Rescue Malta’s Church from itself
It was interesting to read Charles Buttigieg’s article (Should Church Not Change?, August 31) arguing, in the Pope’s words, that this was the time once again “to move resolutely away from the Church’s worldliness”.
My concern, however, is much more mundane. It lies in the position of the Maltese Church as an important human institution contributing to the Maltese way of life.
One does not have to subscribe to all or any of the Church’s doctrines to appreciate that it plays an important role in Malta’s traditions and daily life.
It makes a vital contribution through its work in the parishes, in old people’s homes, with those suffering from disabilities, the schools and many other charitable institutions it supports, where Malta’s welfare state is still largely absent.
As decisions on IVF, cohabitation and civil partnerships loom, how well placed is the Maltese Church to handle such delicate issues and, importantly, to carry its ever diminishing flock with it?

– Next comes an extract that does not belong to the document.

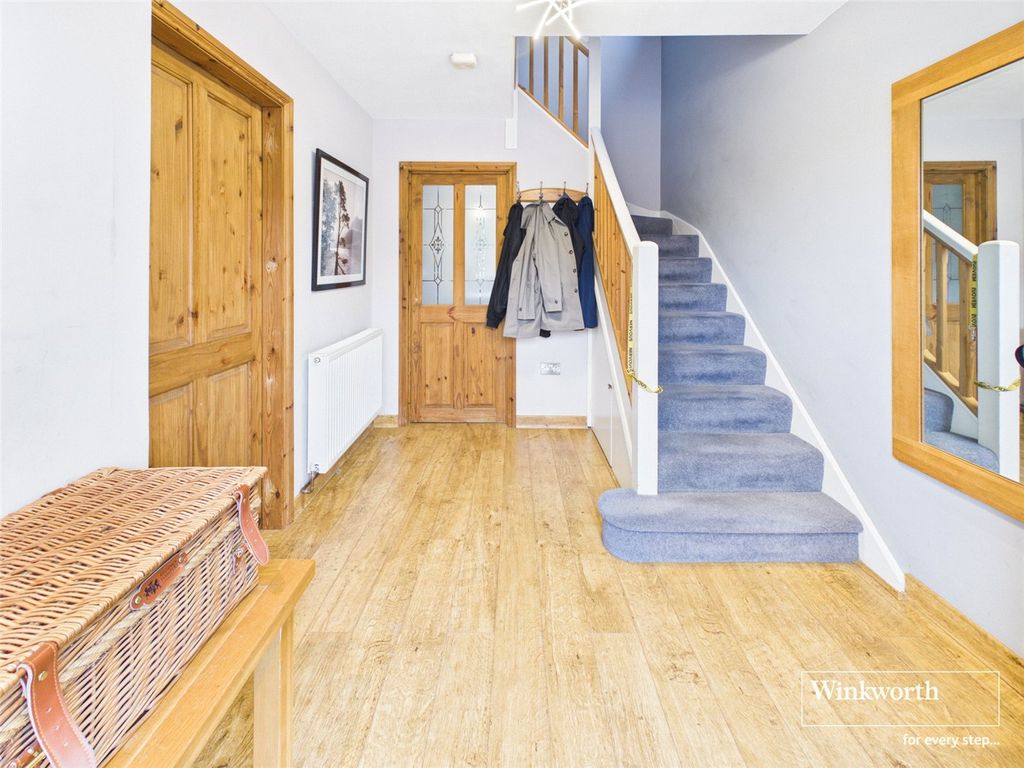 Property photo 2 of 16 Picture No. 17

How might it organise itself to do better?
The Maltese Church is still an ultra-traditional, monolithic institution that, regrettably, is being overtaken by a fast-changing society.

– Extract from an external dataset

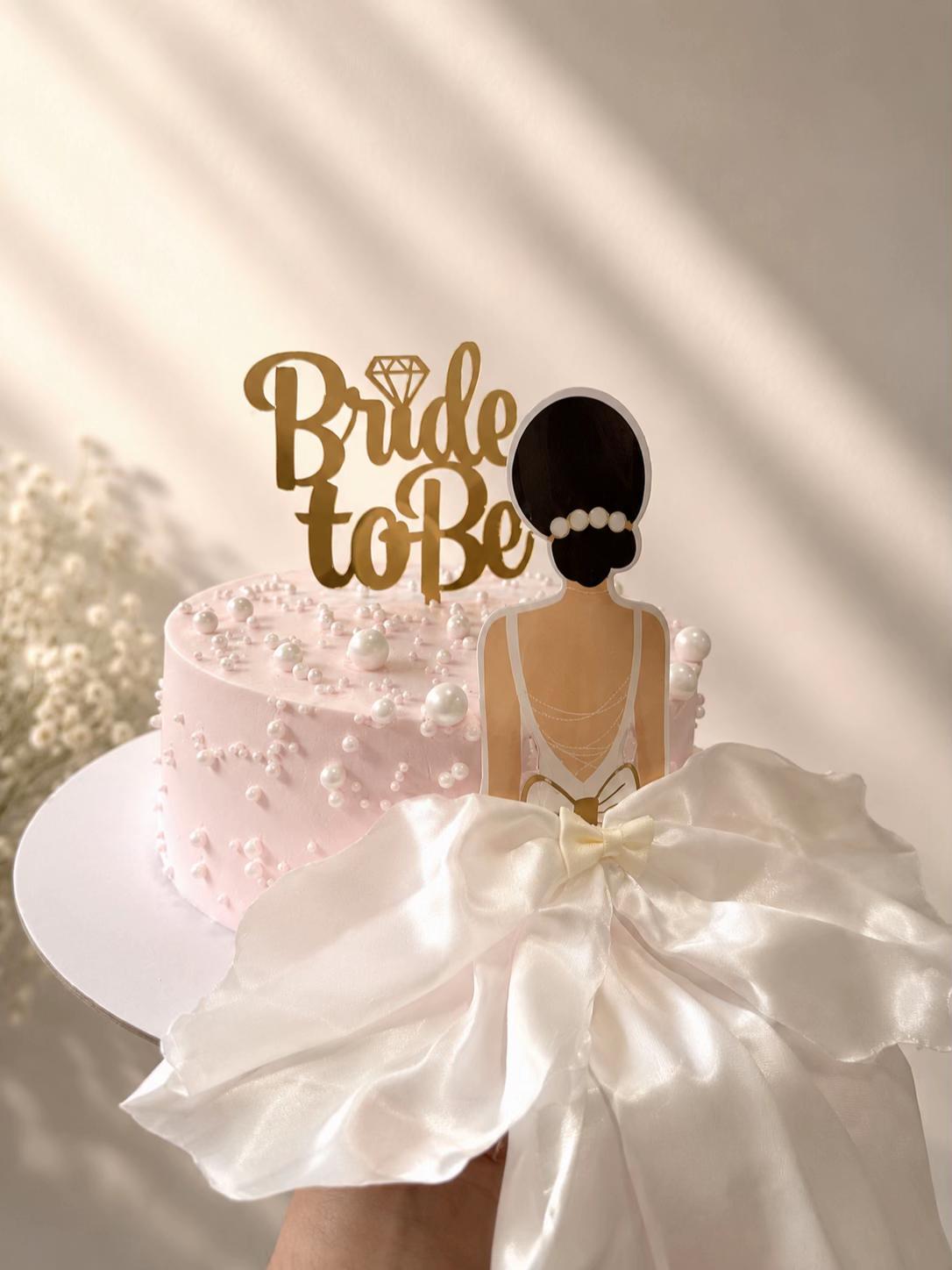 @Cakeora Bakes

When it steps into the public square and expresses its views on sensitive social issues – as it has absolutely every right to do – it almost invariably ends up shooting itself in the foot.
This is what has happened over both divorce and IVF.
I am only a disinterested observer. But if I were advising the Maltese Church on how it might make itself more relevant, and, therefore, more respected, I would focus on three key issues: leadership, organisation and communication.
The Archbishop strikes one as an intrinsically good man who has been weak in dealing with rigidly conservative and out-of-touch elements among his advisers.
He has been particularly undermined by having a fundamentalist bishop in Gozo shouting from the sidelines, blinded by his own self-righteousness.
While realising that the Gozo diocese is a historical hangover outside the Archbishop’s remit, one has to question why Gozo, an island of about 30,000 souls, which is not even the same size as the combined parishes of Birkirkara and Mosta in Malta, has to have its own bishop. Perhaps the Apostolic Nuncio to Malta would kindly take this up with Rome.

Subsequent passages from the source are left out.